Selasa, 28 Juni 2016

Fitnah Smartphone dalam Masjid (Syaikh Abdurrozzaq Al-Badr hafidzhohullah)

Kenyataan yang sangat memprihatinkan sehubungan dengan fitnah Smartphone di dalam masjid di antaranya:

1. Kurangnya pemuliaan terhadap masjid dan tidak menjadikan masjid sebagaimana fungsinya. 

2. Smartphone melalaikan orang yang i'tikaf dalam masjid dari amalan dzikir kepada Allah. Hakikatnya dia "beri'tikaf" dengan Smartphonenya bukan beri'tikaf untuk ibadah kepada Allah.

3. Seusai salam yang dicari Smartphonenya dalam saku bukan berdzikir kepada Allah.

4. Menghitung dzikir dengan cara mengikuti gerakan jari saat memegang Smartphone.

5. Minta difoto ketika sedang duduk tasyahhud atau berdoa mengangkat tangan di sisi Ka'bah padahal sebetulnya dia tidak sedang sholat dan tidak sedang berdoa. Kedua tangannya diangkat tidak untuk Allah tetapi untuk manusia.

6. Tidak ada faidahnya memfoto diri dan mengambil gambar para Ulama yang menyampaikan pelajaran. Perbuatan ini termasuk perkara yang harom dan sia-sia.

7. Terdengarnya suara musik dalam masjid yang berasal dari Smartphone saat berlangsungnya sholat berjamaah. Tidaklah seseorang ruku' dan sujud kecuali yang terdengar hanya suara musik, ini musibah yang besar!

8. Bermain game dalam masjid dan mengganggu orang-orang yang sedang sholat dan sedang berdzikir, ini adab yang tercela.

Maka hendaknya tidak membawa Smartphone ke dalam masjid kecuali jika ada kebutuhan dan membawa manfaat. Kami memohon kepada Allah 'azza wa jall agar memperbaiki diri-diri kita semua. (Faidah dari Nasehat Syaikh Abdurrozzaq Al-Badr via mp3)

Para Ulama kontemporer seperti Syaikh Abdul Muhsin Al-'Abbad, Syaikh Al-Fawzan, Syaikh Robi' Al-Madkholi, demikian pula para Ulama sebelum mereka yaitu Syaikh bin Baz, Syaikh Al-Albani, Syaikh Al-'Utsaimin -fatwa terakhir beliau-, Syaikh Muqbil, Syaikh Ahmad An-Najmi sangat mengingkari bila ada orang yang mengambil gambar mereka. Tidak seperti perbuatan sebagian orang yang bermudah-mudahan dalam perkara ini.

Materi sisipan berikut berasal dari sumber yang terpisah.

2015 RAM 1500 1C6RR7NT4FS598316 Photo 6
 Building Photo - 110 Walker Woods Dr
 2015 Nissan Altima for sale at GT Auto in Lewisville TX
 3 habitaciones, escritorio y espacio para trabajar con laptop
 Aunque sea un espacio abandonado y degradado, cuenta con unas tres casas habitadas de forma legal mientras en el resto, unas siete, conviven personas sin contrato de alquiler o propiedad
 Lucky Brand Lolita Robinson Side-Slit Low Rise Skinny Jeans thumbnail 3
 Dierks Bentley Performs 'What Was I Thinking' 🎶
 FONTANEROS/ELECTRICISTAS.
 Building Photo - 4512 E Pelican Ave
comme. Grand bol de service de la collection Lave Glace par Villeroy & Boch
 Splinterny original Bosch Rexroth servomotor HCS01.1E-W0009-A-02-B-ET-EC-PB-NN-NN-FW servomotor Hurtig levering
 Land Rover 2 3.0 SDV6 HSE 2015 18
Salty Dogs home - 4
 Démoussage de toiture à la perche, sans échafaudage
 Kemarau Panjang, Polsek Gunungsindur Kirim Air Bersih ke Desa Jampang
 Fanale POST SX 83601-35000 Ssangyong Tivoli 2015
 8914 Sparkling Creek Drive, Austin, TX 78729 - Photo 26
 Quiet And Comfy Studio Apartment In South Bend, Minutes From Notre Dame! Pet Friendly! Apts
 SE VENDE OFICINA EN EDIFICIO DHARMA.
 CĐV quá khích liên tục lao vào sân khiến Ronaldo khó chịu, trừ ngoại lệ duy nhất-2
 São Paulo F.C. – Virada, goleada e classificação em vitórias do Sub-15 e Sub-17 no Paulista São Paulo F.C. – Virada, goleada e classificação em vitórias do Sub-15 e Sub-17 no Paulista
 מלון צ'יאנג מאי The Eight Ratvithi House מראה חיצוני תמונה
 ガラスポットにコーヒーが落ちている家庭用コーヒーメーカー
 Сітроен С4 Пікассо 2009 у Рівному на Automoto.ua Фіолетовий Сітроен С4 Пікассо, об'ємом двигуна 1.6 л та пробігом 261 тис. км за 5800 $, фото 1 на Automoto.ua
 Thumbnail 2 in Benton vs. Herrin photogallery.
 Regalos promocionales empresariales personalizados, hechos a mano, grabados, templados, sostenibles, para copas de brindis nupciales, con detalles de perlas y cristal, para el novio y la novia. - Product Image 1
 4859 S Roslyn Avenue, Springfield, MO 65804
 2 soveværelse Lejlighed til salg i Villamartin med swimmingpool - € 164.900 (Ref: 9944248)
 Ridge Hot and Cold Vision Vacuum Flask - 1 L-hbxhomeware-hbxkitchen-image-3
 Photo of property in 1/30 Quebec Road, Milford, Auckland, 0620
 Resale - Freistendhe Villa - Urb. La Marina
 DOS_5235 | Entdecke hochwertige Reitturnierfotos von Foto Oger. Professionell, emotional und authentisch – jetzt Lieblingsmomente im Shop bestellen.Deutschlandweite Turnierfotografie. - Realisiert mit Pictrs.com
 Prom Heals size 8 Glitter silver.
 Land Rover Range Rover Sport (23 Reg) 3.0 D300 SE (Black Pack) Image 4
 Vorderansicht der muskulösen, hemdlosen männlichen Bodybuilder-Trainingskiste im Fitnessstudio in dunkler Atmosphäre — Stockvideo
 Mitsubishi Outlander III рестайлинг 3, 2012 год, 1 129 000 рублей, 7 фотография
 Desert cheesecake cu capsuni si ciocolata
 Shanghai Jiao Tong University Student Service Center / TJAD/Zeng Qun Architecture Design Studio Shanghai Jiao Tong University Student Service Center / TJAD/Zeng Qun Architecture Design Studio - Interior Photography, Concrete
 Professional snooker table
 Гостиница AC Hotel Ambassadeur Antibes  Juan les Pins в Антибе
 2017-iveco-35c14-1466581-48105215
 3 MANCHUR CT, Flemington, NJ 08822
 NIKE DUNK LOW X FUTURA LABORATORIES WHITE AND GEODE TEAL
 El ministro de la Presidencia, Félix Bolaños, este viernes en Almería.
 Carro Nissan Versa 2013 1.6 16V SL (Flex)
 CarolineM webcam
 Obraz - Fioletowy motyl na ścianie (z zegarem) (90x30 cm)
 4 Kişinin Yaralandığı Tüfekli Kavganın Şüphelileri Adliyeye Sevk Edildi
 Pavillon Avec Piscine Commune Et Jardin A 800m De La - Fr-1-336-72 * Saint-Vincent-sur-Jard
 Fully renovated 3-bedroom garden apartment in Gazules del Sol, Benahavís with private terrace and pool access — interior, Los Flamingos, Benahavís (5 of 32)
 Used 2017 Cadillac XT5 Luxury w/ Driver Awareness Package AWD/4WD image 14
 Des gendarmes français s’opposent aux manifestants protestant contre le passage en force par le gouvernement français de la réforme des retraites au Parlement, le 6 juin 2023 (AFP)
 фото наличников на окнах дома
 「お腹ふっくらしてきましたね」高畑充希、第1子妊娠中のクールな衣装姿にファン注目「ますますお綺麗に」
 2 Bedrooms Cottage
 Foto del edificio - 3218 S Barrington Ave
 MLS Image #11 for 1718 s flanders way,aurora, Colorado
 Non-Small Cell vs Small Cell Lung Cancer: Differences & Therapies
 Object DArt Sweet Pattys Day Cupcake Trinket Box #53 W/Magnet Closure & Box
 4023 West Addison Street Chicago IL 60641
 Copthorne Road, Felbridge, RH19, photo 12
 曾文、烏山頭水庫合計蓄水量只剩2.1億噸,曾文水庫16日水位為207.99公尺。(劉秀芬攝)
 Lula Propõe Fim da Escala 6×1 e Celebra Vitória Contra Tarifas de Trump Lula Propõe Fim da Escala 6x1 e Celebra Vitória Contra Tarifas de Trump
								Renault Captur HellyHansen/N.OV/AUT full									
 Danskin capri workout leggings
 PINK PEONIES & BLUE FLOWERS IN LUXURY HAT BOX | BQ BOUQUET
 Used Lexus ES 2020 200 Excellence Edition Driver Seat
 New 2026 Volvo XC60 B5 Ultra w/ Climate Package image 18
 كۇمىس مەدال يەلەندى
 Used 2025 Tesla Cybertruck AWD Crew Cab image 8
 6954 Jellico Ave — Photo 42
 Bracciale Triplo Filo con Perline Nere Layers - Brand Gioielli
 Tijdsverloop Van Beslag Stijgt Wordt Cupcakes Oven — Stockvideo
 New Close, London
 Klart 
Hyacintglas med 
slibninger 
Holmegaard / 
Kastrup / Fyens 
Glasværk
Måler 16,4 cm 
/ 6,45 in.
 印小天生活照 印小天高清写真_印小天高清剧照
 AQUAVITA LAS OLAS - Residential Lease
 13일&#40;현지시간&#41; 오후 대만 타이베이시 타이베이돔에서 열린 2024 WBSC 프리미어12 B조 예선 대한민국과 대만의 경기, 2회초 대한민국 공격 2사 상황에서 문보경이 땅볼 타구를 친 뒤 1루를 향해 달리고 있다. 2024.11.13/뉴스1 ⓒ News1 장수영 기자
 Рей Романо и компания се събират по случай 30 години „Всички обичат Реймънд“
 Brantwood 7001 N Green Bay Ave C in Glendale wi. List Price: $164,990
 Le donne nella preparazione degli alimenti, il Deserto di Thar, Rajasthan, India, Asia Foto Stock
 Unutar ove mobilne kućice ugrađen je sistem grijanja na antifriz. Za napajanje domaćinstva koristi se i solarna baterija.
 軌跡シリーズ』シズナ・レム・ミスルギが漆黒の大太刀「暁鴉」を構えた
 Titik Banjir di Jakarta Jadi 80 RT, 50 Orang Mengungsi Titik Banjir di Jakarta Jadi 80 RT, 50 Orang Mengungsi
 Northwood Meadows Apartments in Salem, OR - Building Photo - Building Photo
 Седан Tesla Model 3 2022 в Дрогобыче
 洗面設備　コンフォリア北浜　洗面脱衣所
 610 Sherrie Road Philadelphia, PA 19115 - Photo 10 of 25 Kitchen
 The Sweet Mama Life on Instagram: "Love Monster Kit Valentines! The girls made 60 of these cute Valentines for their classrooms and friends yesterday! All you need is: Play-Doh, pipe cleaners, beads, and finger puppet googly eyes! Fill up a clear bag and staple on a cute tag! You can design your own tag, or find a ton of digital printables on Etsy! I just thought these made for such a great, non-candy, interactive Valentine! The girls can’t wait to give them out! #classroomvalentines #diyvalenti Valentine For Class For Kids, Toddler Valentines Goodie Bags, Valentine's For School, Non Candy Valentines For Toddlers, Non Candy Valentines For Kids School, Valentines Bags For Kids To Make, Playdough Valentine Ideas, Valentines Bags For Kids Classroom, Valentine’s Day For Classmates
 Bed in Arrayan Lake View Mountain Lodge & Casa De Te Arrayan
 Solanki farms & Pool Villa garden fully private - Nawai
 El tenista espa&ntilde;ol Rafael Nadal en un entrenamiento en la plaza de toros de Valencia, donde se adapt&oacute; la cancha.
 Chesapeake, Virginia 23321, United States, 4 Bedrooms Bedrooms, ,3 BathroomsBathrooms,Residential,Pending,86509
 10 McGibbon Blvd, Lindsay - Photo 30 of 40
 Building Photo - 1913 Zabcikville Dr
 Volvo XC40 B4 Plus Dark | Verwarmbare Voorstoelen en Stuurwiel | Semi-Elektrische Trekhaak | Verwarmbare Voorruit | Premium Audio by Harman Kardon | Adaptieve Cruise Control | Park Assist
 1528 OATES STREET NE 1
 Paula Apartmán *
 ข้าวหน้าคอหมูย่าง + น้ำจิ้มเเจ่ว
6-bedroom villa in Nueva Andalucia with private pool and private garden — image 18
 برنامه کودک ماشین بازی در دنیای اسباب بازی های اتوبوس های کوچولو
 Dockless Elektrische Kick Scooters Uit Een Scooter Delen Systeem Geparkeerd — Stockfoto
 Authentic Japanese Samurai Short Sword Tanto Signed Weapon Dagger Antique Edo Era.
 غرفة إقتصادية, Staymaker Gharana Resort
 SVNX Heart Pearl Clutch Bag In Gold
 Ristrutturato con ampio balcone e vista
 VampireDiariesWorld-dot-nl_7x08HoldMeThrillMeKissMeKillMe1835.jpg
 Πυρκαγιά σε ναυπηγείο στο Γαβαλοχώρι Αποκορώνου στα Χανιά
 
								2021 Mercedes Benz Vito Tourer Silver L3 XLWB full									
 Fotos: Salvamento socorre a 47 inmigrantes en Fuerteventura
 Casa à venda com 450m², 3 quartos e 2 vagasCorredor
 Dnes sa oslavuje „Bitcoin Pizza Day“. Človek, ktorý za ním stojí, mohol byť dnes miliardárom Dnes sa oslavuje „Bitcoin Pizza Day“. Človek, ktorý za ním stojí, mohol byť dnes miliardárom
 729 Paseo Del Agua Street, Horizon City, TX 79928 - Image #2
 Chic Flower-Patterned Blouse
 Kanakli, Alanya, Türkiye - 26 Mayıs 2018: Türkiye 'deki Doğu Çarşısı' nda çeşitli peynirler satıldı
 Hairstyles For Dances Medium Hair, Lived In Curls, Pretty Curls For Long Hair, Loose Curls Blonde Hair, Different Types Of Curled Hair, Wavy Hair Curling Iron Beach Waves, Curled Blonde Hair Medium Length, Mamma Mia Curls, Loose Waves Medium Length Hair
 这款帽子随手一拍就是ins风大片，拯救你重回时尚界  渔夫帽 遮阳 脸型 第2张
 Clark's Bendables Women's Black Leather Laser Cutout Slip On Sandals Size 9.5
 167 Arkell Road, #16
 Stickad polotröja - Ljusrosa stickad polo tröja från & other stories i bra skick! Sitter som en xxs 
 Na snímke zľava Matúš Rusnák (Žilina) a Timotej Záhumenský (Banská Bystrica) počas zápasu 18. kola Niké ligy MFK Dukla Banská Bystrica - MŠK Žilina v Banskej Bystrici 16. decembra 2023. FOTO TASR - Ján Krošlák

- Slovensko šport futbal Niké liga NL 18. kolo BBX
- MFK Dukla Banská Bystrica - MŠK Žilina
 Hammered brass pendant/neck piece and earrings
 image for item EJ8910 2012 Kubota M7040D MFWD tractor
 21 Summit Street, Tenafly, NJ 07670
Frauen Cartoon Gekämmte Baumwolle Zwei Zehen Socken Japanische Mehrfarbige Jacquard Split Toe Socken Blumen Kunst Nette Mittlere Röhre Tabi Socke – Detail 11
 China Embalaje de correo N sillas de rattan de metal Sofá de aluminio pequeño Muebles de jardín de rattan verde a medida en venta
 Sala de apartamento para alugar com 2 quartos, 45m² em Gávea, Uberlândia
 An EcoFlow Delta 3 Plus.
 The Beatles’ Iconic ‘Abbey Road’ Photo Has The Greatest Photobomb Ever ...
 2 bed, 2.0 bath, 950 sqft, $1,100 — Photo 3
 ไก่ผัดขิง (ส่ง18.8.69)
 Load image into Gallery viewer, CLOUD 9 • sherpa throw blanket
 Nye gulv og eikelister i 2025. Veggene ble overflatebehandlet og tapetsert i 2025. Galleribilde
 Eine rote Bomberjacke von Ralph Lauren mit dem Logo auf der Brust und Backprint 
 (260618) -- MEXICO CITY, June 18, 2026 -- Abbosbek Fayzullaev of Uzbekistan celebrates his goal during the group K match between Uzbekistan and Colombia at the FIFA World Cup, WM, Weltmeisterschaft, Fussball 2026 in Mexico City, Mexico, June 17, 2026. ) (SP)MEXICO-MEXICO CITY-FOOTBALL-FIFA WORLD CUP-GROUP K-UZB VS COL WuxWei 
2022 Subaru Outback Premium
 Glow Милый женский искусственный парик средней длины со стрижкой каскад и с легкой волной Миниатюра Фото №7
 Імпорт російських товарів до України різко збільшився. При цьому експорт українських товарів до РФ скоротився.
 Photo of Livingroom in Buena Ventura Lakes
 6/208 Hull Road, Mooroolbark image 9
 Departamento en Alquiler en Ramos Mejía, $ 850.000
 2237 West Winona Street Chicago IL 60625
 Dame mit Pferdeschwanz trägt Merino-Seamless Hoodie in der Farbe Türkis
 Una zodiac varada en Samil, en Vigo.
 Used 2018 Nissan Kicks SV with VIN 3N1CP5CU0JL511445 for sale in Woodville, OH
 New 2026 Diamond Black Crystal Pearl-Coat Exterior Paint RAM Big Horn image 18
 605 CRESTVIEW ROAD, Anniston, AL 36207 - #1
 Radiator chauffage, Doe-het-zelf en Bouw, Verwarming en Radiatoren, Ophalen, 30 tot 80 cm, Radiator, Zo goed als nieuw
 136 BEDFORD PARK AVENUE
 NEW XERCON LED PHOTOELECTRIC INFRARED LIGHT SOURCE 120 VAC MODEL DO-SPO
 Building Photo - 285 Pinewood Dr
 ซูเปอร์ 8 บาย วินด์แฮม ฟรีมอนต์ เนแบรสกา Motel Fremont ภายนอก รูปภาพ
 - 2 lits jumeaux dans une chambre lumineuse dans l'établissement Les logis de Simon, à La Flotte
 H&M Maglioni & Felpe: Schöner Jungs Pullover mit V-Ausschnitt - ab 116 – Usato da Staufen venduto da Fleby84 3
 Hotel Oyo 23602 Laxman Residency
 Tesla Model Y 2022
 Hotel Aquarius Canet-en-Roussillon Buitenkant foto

Adapun dakwah para Massyayikh yang disiarkan langsung melalui televisi maupun rekaman kajian secara visual maka hal itu lantaran adanya kebutuhan dan kemaslahatan.

Syaikh Al-'Allamah Al-‘Utsaimin berkata:

وما كان تحريمه تحريم الوسائل فإنه يجوز عند الحاجة إليه

“Dan segala sesuatu yang pengharomannya karena wasa'il (yakni dapat menjadi perantara kepada perkara yang harom bukan harom karena dzatnya) maka dalam kondisi tertentu menjadi diperbolehkan manakala adanya kebutuhan." (Majmu’ Fatawa wa Rosa'il 12/288)

Sedangkan perkara yang diharomkan karena dzatnya baru diperbolehkan hanya dalam kondisi darurat. Seperti makan daging kucing ketika tidak ada makanan lain dan terancam mati. Demikian klasifikasi "al-muharromat" yang disampaikan oleh para Ulama.

Maka layar kaca, monitor, televisi harom bukan karena dzatnya akan tetapi karena wasa'il (dapat menjadi wasilah kepada perkara yang harom) sehingga diperbolehkan bila adanya hajat syar'iyyah dan kemaslahatan yang kuat.